If you’re a young investor, you should strive to keep things simple and seek to grow capital gains over the long run, rather than chasing the higher yielders. Indeed, dividends are magnificent ways to compound wealth, especially in a tax-free account like a TFSA (Tax-Free Savings Account).
That said, higher yielders tend to have less-than-stellar growth prospects. Although there are certain companies that can grow earnings, sales, and sizeable dividends, most younger investors should be willing to take risks to increase their wealth while also seeking to minimize risks where possible.
How to look at risks as a younger investor seeking to build wealth
Even though young investors can tolerate risk more than their parents, that does not mean they should be reckless by speculating, gambling, or just playing the game of greater fools (that’s based on the Greater Fool Theory) by hoping someone else will pay a higher price than you did. Indeed, volatility isn’t risk in itself. If you can handle huge swings in either direction, that doesn’t mean you should take a chance with a momentum stock that you cannot value.

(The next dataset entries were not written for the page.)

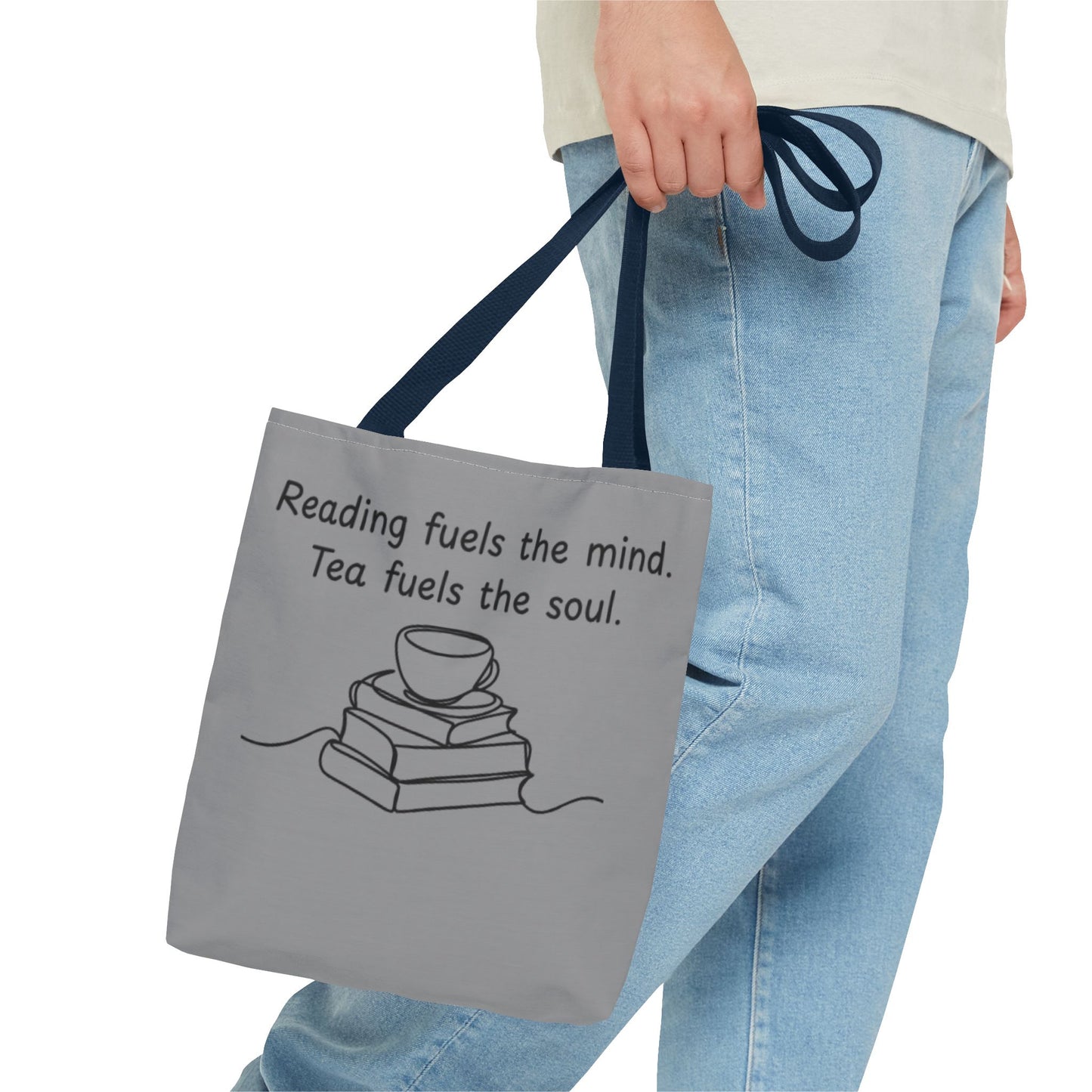 Literary Tote Bag | Reading & Tea Lover Gift | Bookworm Tote | Eco-Friendly Shopping Bag | Motivational Quote Bag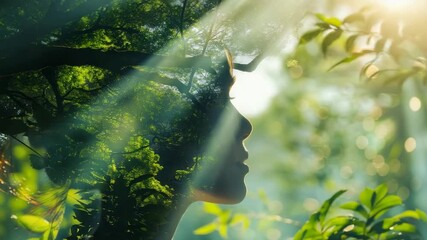 double exposure of beautiful woman face profile silhouette and green forest. Environment protection, saving forests, ecology, breathing exercises, mental health, unity with nature, meditation, calm - Powered by Adobe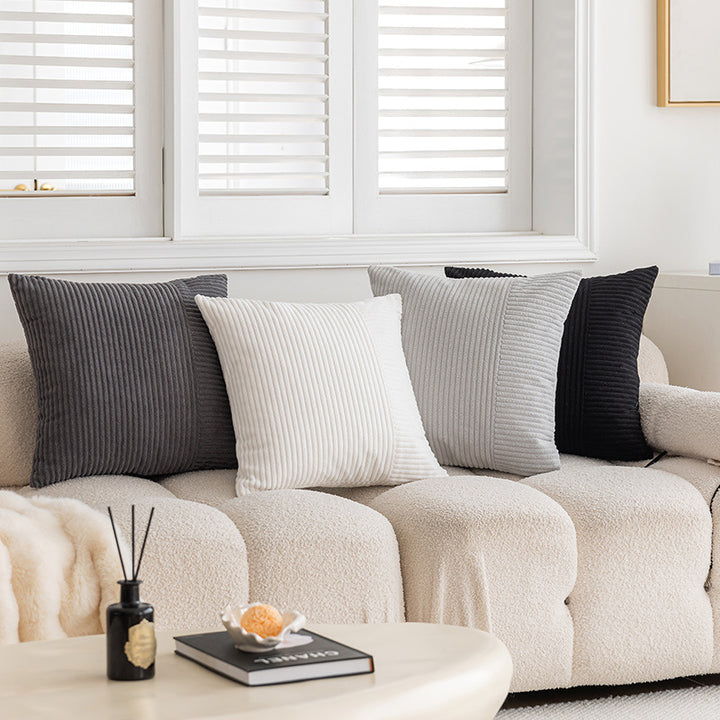 Textured Ribbed Square Decorative Throw Pillow with Removable Cover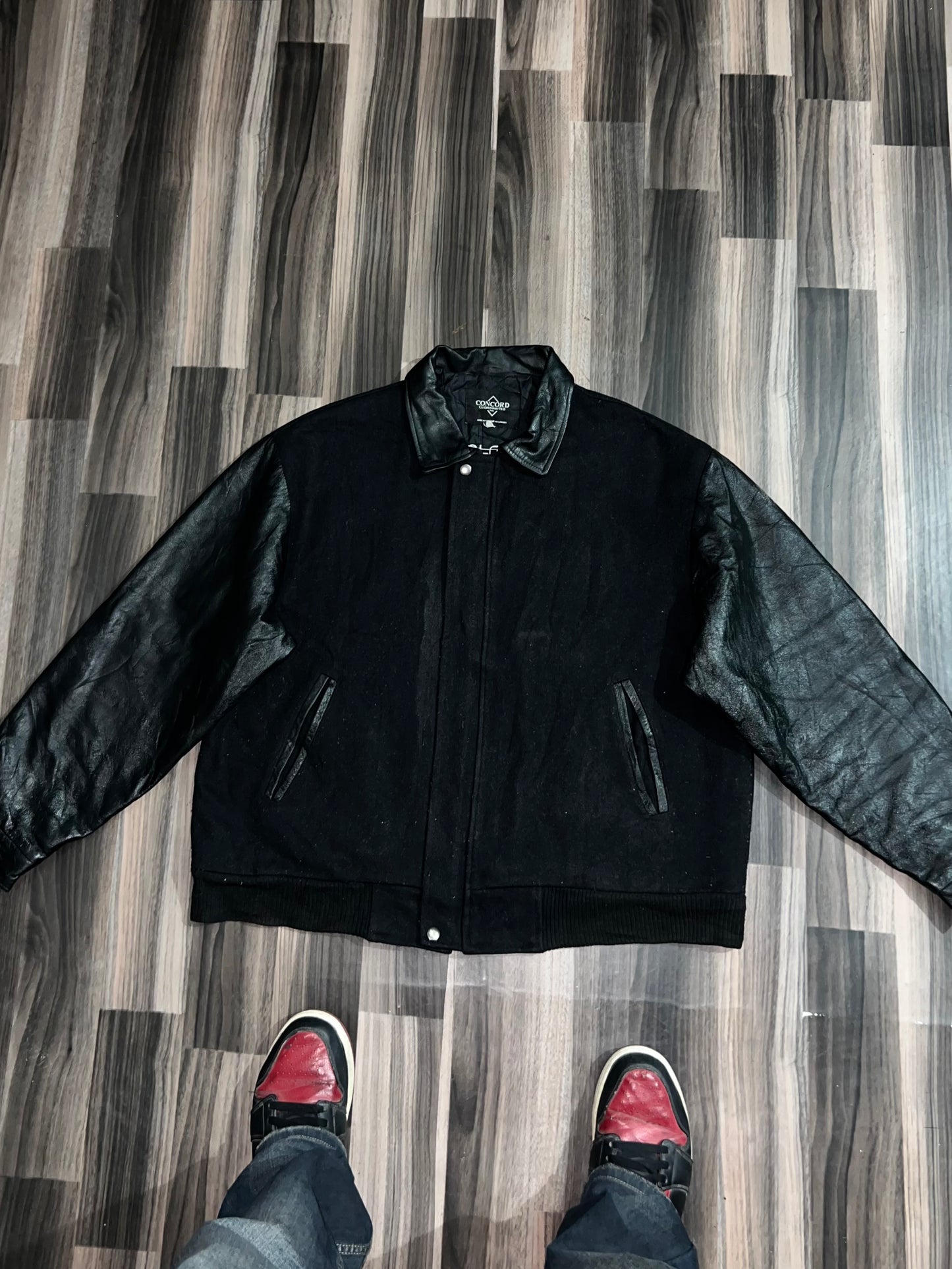 ZUltra Premium Original Leather Sleeve Varsity Jacket (L/XL)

Undoubtedly, it can be more useful to view risk as the chance that you may be caught with huge losses that may be difficult or even impossible to recover from. Indeed, mistakes happen in the world of investing. But if you seek to minimize such mistakes (irrecoverable losses), I believe that you’ll do well over the years as an investor, as you continue to add to your skillset and push closer to your (early) retirement goals.
Just remember Warren Buffett’s first rule of investment: don’t lose money!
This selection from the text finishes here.